Twelve miles up the camino del sur, they found the turning that Marquez had mentioned; a narrow, rutted passage between great clumps of green cane and high, swinging palm trees. The country here was a curious blend between the scrubby bushland of the sierras and the lush, rotten verdure of the plains that they had left behind the day before; it was a little higher than Los Cielos itself, and perhaps a very little cooler. But the insects seemed, if anything, to have increased in number and hung in black, whispering swarms over the clear spaces to either side of the road.

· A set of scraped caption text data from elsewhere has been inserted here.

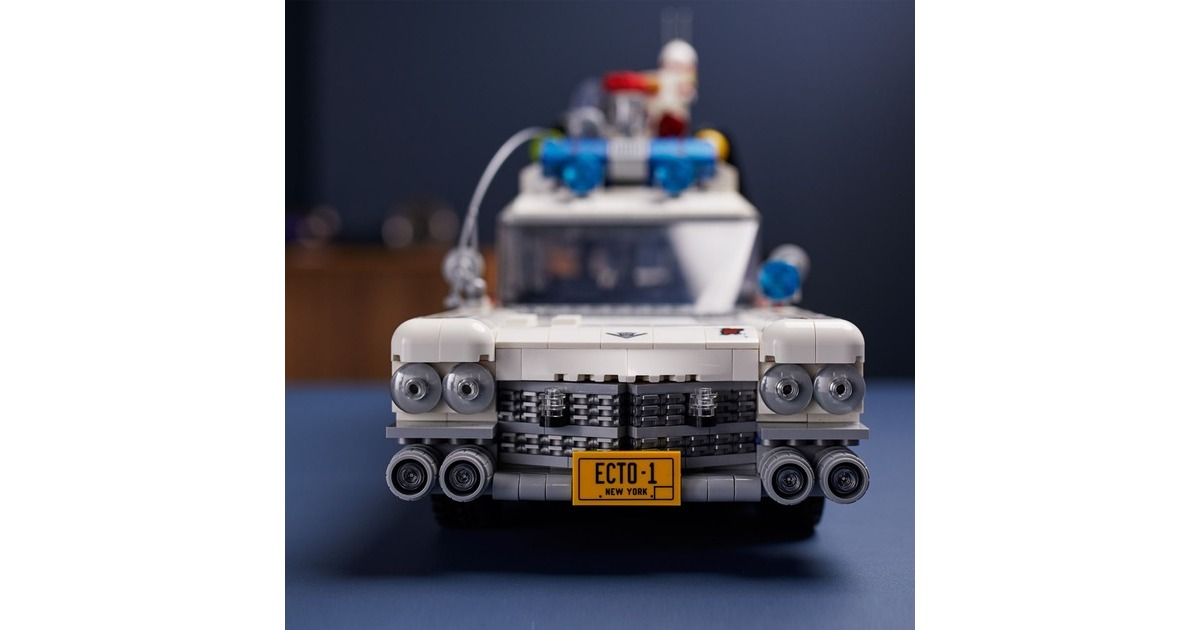 LEGO 10274 Creator Expert Ghostbusters ECTO-1, Konstruktionsspielzeug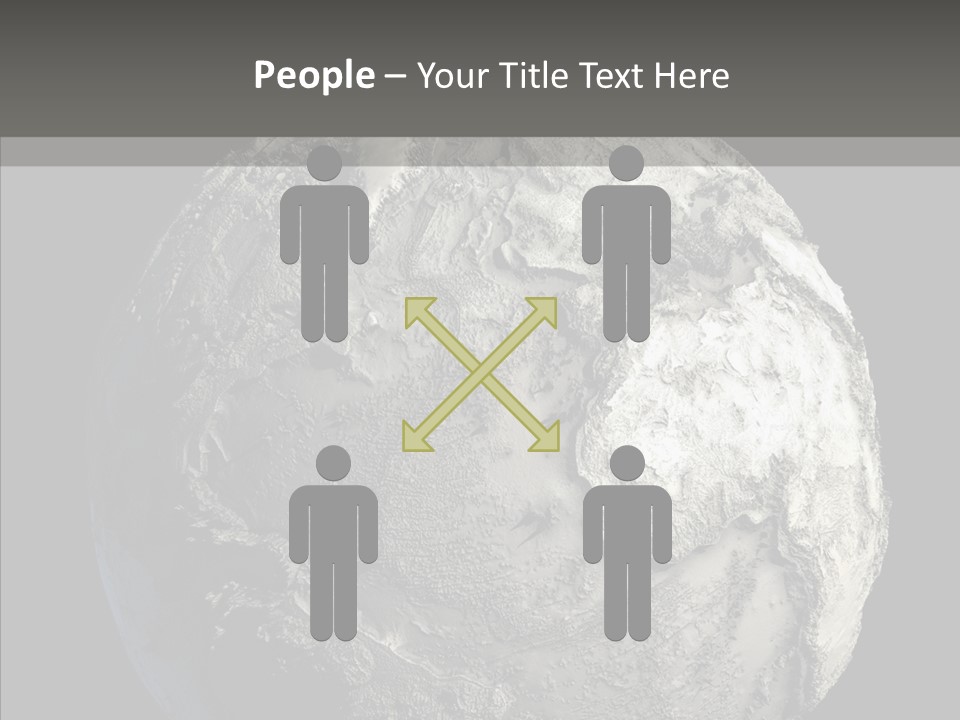 Dead Planet Earth PowerPoint Template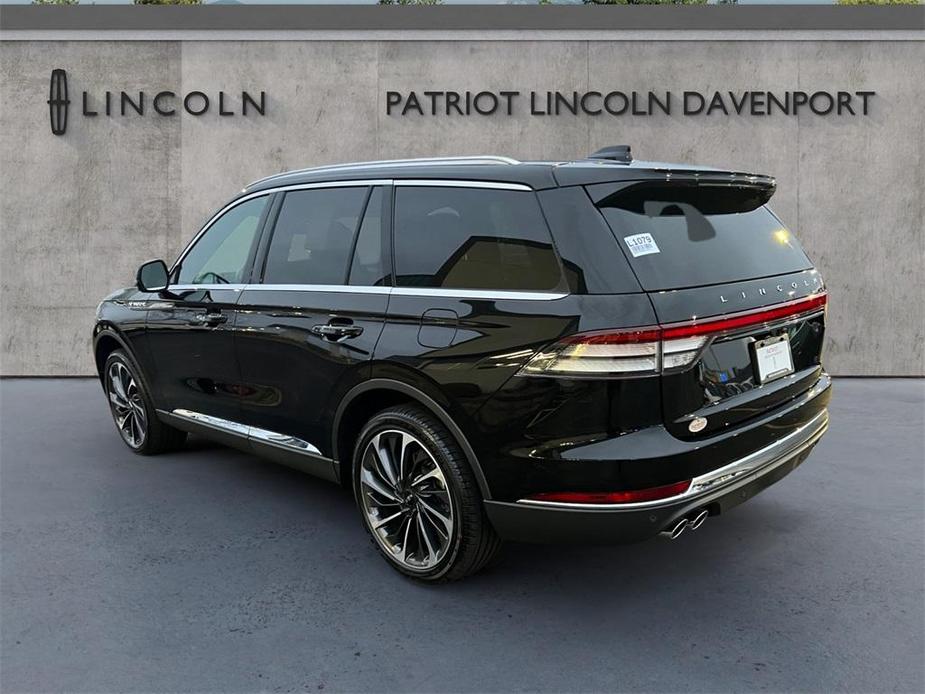 new 2025 Lincoln Aviator car, priced at $78,200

There were parrakeets in the palm trees, gaily-coloured and noisy; and butterflies of gigantic size and fantastic hues weaved slowly to and fro in the vivid sunlight. All round them, the hills rose up, shimmering to blueness in the distance, fogged by the heat haze; the scene as a whole had the unreal, surrealist beauty to be found only in the tropical selvas or at times in opium dreams, the beauty of a world where all is luxuriant, frantic colour, colour gone mad, and line is utterly lost in a riot of squirming proliferation. . . . Then one looks up and sees the hills, colourless, august and bleak, dominating the valley with a sweeping, august serenity. Two worlds, one seeming to rise from the other and yet to be totally unconnected with it. . . .
Trout edged the Land Rover forward at a steady fifteen miles an hour, nursing the front wheels gently over the awkward bumps. “Was the Congo anything like this, Johnny?”